Álvaro Darío Lara
Escritor
Nuestra sociedad contemporánea tan afecta al estrépito, a la posesión fugaz de los bienes, personas y objetos, tan fragmentada en una copiosa información que nos aturde a través de los medios electrónicos y tradicionales, guarda verdadero pavor hacia la soledad.
Esta sociedad posmoderna, líquida, como la llama el filósofo polaco-judío Zygmunt Bauman (1925-2017), se caracteriza por una terrible fragilidad, por una demoledora falta de profundidad en las relaciones sociales, en las instituciones, en la cultura. Tiempo precario, alérgico al conocimiento liberador. Un tiempo de hombres y mujeres que nunca duermen. Obsesivos en leer, escribir, grabar, fotografiar y enviar cientos y cientos de diarias nimiedades.
Es el llamado «síndrome del agachado». Todos inclinados ante los idolatrados móviles.
¿Qué espacio, entonces, para la contemplación, para la reflexión, para el silencio, que sólo la auténtica soledad nos posibilita?
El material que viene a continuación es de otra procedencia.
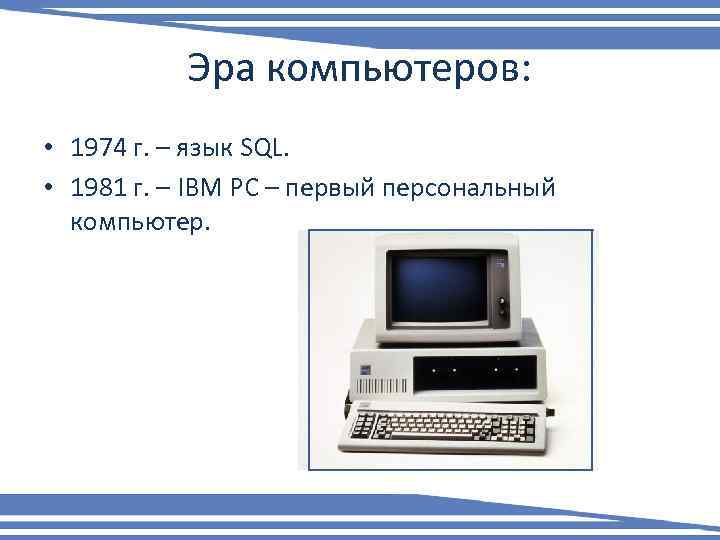 Эра компьютеров: • 1974 г. – язык SQL. • 1981 г. – IBM PC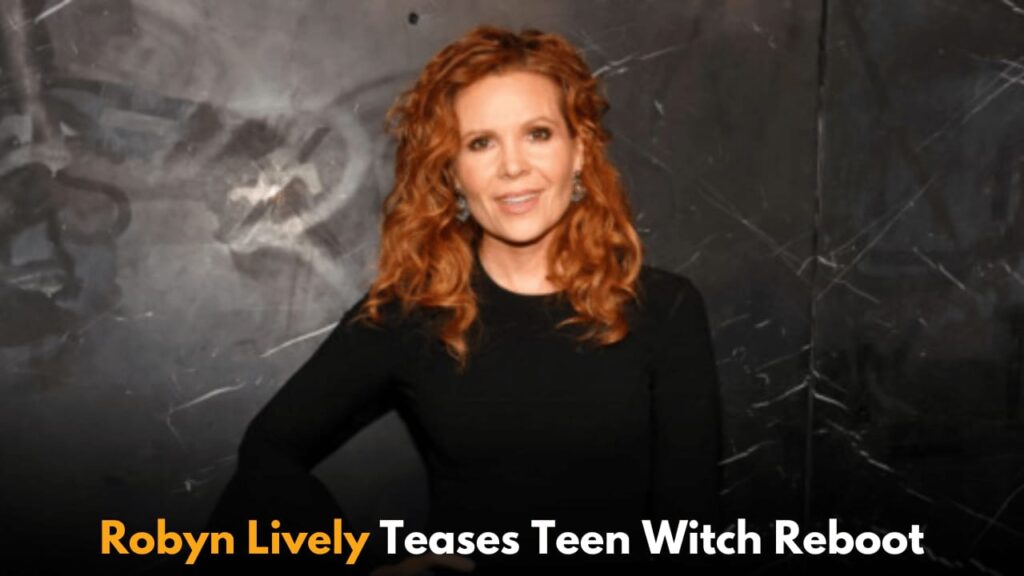 Robyn Lively Excited About 'Teen Witch' Reboot, Shares Plot and Casting Ideas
Nada mejor que hacer un alto en el camino espinoso de nuestras vidas, para estar a solas con nosotros mismos, y permitir que sea la voz interior, la música de la reveladora consciencia, la que fluya en forma benéfica, y nos aquiete, llevándonos a una senda de armonía y de paz.
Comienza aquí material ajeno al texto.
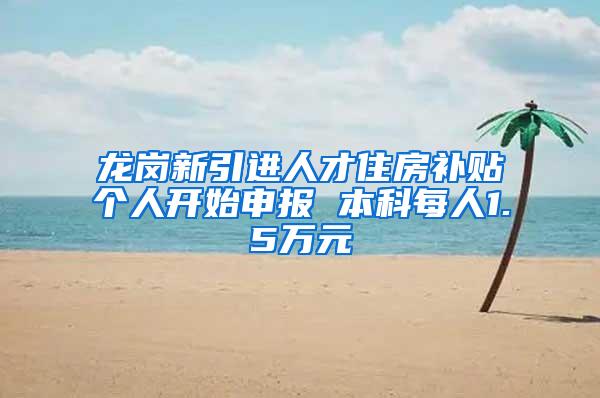 龙岗新引进人才住房补贴个人开始申报 本科每人1.5万元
Haber entendido la soledad, en clave constructiva, es el camino que conduce a un continuo perfeccionamiento. Los místicos, los inventores, los grandes científicos y artistas, debieron estar aparentemente solos (¡nadie está nunca realmente solo!) para llegar a la concreción de la obra superior. En sentido opuesto, la soledad, en clave negativa, es descender a los infinitos pozos del dolor sin sentido, a la amargura, al suicidio moral. Quienes siguen esta vía, creen, erróneamente, que la soledad significa la gélida ausencia de los otros.
El escritor místico Cecil A. Poole nos esclarece al afirmar: «Una persona puede sentirse sola entre una multitud y al contrario, no sentirse sola cuando se encuentra a muchos kilómetros de otros seres humanos». Por lo tanto, la soledad más que una condición física, es una situación mental, emocional. Todo depende de cómo enfrentemos las vicisitudes de la vida.
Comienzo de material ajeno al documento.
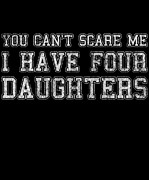 You Cant Scare Me I Have Four Daughters Digital Art by Flippin Sweet Gear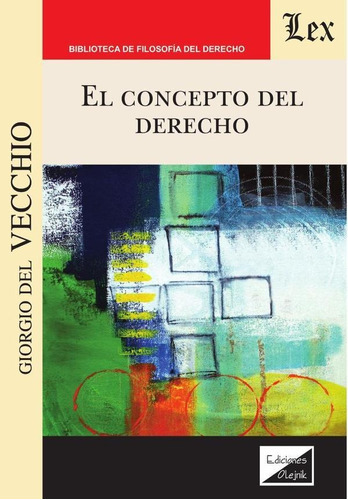 Concepto del derecho, El, de Giorgio Del Vecchio. Editorial EDICIONES OLEJNIK, tapa blanda en español, 2021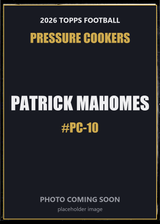 2026 Topps Football Patrick Mahomes Pressure Cookers #PC-10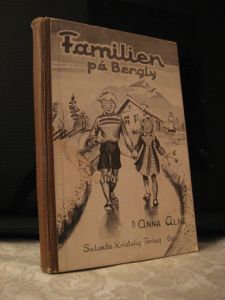 ALNE, ANNA: Familien på Bergly. 1941.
El poeta Ricardo Lindo, en su libro «Europa» (1992), nos obsequia un bellísimo poema en prosa, que recupera la reconfortante soledad, su título, «Árbol» (París, Jardín de Plantas): «Érase una vez la soledad. Yo iba a visitar al Jardín de Plantas un gran árbol de otoño. Sus infinitas hojas redondas simulaban monedas de oro ingrávido. Venía del Oriente, era extranjero como yo, y los dos nos hacíamos compañía. Él me hablaba de Gautama Buda, yo de un libro que alguna vez escribiría. Le prometí que hablaría de él cuando lo hiciera, aunque estuviera en un lugar muy lejano y hubieran pasado muchos años. Hasta que al fin me tocó partir. Yo no tenía raíces. Él sí. No sé si alguien lo visita, si vive aún, si se puebla de monedas aladas al llegar el otoño, si se acuerda de mí. Gran árbol silencioso, árbol amigo, eres, en el otoño de la memoria, el árbol de la soledad».